The PERA also serves as a pilot test for the mandatory defined contribution pillar of a multi-pillar pension architecture1.

Under the proposed architecture, the defined benefit second pillar, currently consisting mainly of the pension programs of the Social Security System (SSS) and Government Service Insurance System (GSIS), will be downsized while a mandatory defined contribution third pillar will be established to supplement retirement income provided under the second pillar. The third pillar will essentially be an enlarged PERA system.

Mandating it puts the burden of prudent regulation on government, which will have the opportunity to learn the "tricks of the trade" during this test period and work on strengthening oversight.

Successful reform of the pension system is important from both capital market development and fiscal sustainability perspectives.
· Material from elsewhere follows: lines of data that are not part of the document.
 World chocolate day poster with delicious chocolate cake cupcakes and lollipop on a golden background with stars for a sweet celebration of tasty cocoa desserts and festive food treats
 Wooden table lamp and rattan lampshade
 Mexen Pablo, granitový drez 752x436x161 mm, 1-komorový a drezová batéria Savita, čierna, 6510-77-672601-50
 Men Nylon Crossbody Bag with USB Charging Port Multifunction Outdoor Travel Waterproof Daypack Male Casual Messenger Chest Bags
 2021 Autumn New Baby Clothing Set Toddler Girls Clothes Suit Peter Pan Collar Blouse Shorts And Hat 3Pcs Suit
As it is, the pension institutions, particularly SSS (not to mention RSBS!), are financially sapped and are at risk of becoming net takers instead of providers of funds to the capital market.

In fact, based on actuarial studies made in 1999, the SSS is projected to start drawing down its reserves as early as 2008, with its reserve fund running out by 2015. If nothing is done to stop the bleeding, the National Government would eventually have to step in to fulfill its guarantee of the pension obligations.

In 1999, the implicit public debt (the cost of accumulated pension obligations) associated with the SSS (based on a status quo on current policies, especially the level of contribution rate and benefit entitlements) was estimated at P1.5 trillion (about 50% of GDP) and must be significantly higher by now. This very real fiscal risk should override any concern over short-term tax losses.

At the end of the day, the truly binding constraint to Philippine capital market development has been and will be the paucity of available long-term savings and savers.

A fully functioning third pillar will help build up domestic savings needed to broaden and deepen the local capital market, providing savers with more investment choices and firms with access to long-term peso-denominated financing. That is the long-term vision. PERA takes us one step closer.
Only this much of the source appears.